◆ Information provided:
+-------+

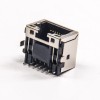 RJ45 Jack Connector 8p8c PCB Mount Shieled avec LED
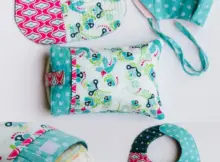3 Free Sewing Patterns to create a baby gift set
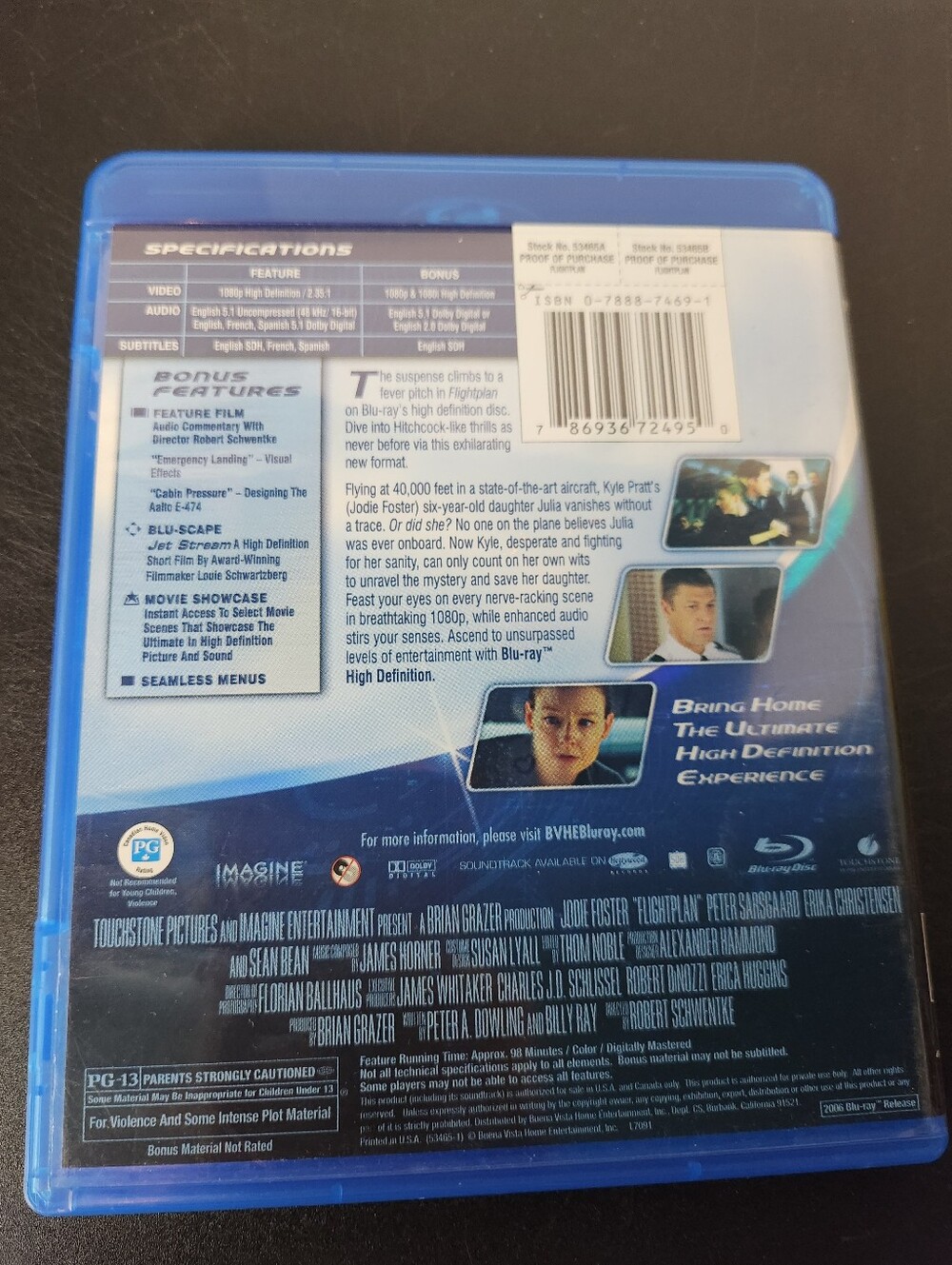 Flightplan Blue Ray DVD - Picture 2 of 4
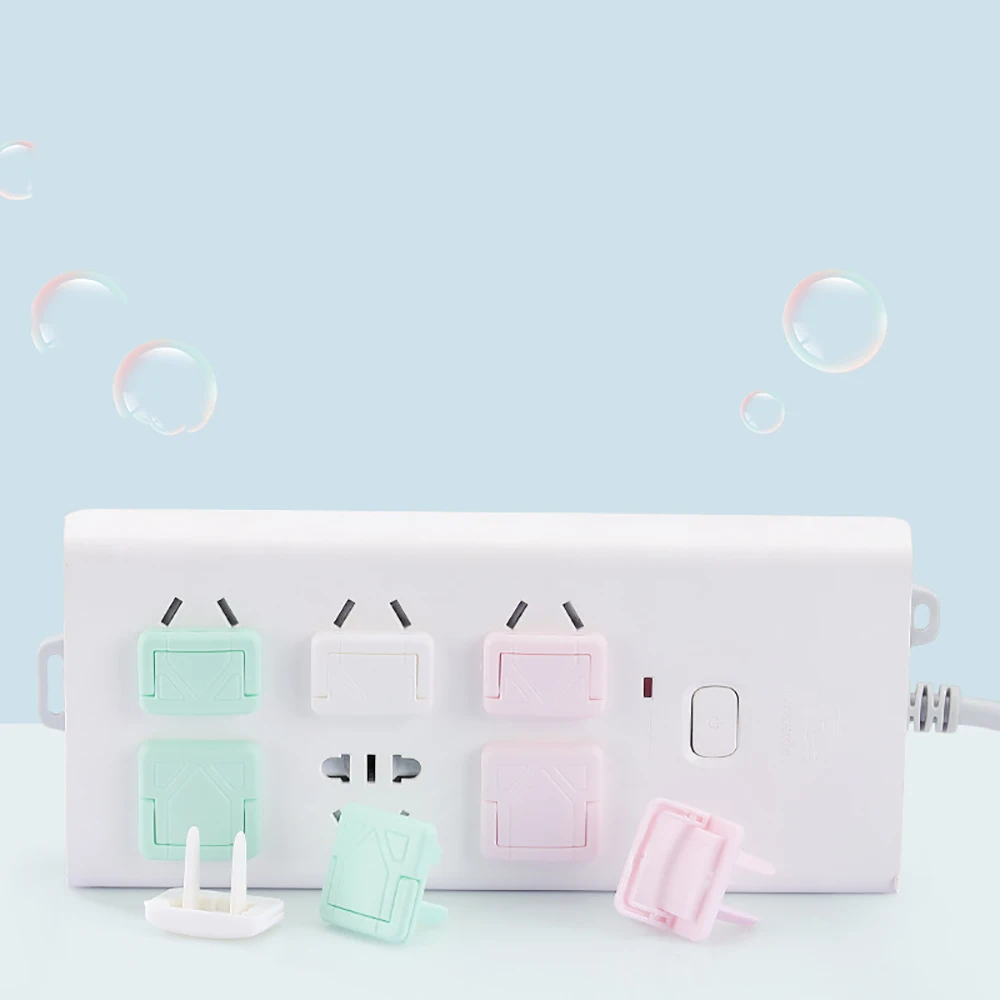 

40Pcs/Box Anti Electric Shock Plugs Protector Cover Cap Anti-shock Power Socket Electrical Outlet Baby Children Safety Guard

+-------+

◆ About this task: Keeping pictures out, repeat exactly the lines from the one containing "3 Free Sewing" through the end of the listing.

◆ Task output:
3 Free Sewing Patterns to create a baby gift set
 Flightplan Blue Ray DVD - Picture 2 of 4

40Pcs/Box Anti Electric Shock Plugs Protector Cover Cap Anti-shock Power Socket Electrical Outlet Baby Children Safety Guard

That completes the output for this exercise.